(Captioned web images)
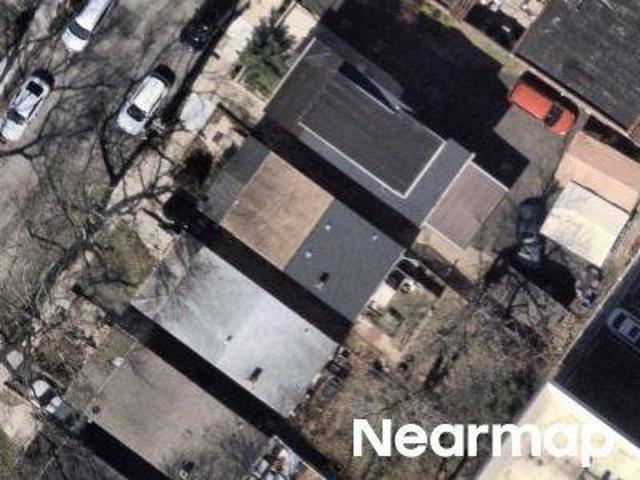 House for sale in Irvington, New Jersey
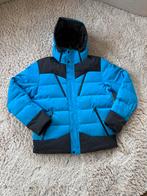 Colmar Skijas Maat L - Goede Staat, Ophalen of Verzenden, Zo goed als nieuw, Maat 52/54 (L), Jack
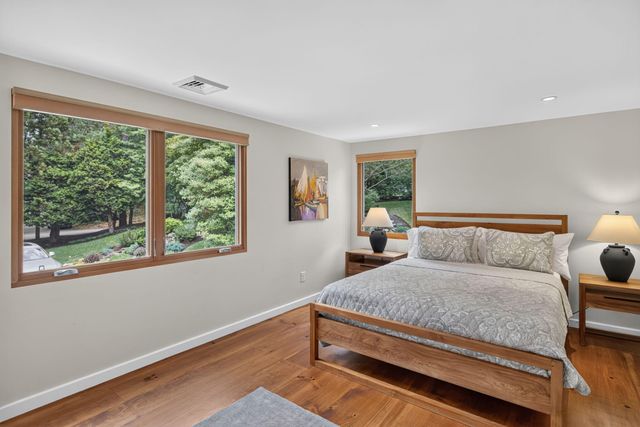 25 High Point Drive, Brewster, MA 02631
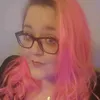 mrsmcclellan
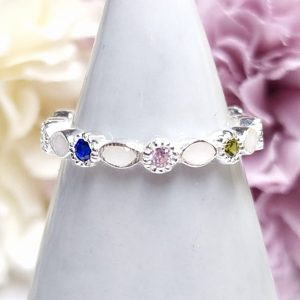 breastmilk ring breastmilk jewellery birthstone breastmilk ring cleaning breastmilk jewellery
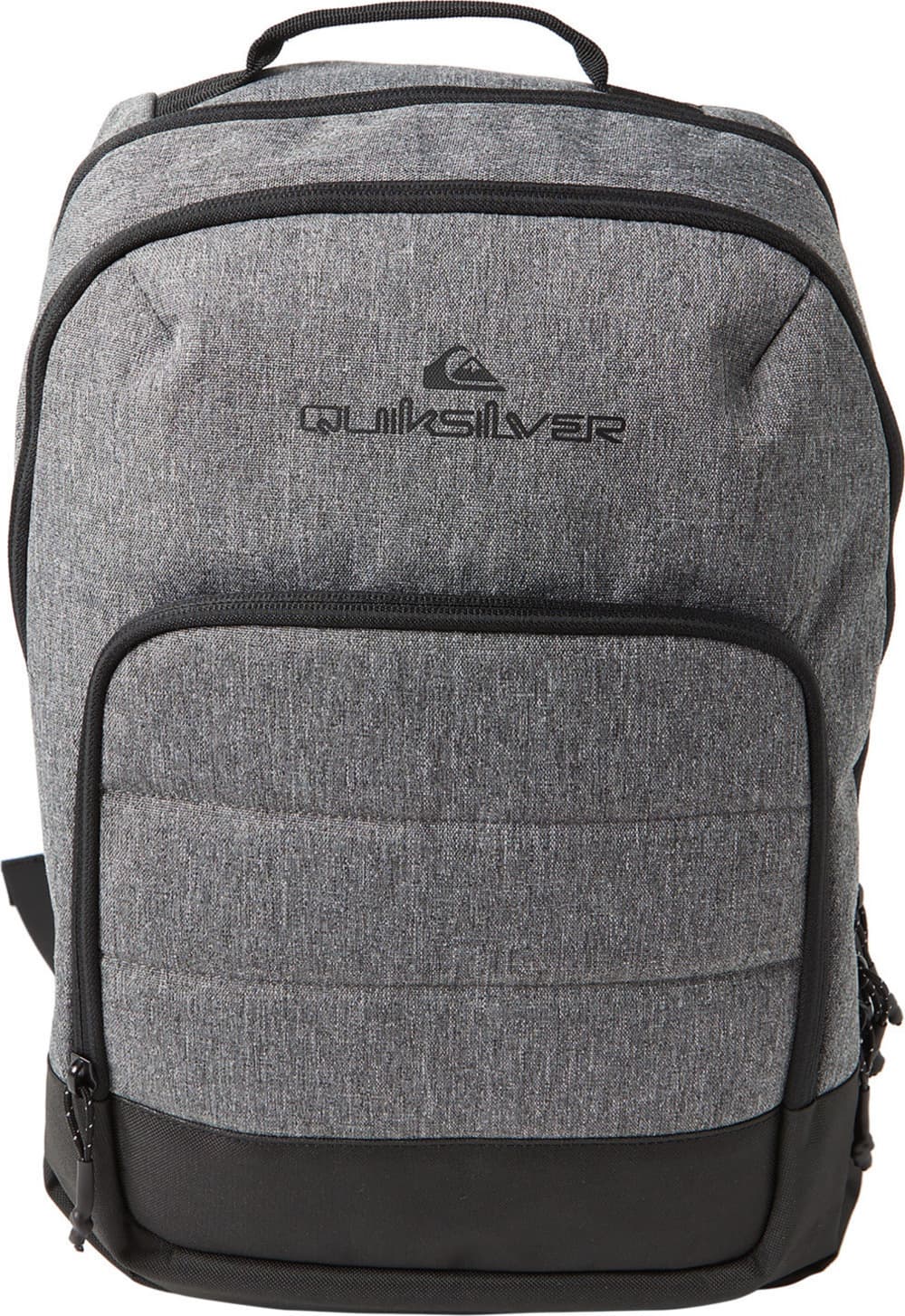 Accesorio y Recambio QUIKSILVER BURST 2.0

*Exercise directions*: Give back the lines from the one containing "mrsmcclellan" through the last line of the records above exactly as they appear, both included, and no pictures.

*Result of this exercise*:
 mrsmcclellan
 breastmilk ring breastmilk jewellery birthstone breastmilk ring cleaning breastmilk jewellery
 Accesorio y Recambio QUIKSILVER BURST 2.0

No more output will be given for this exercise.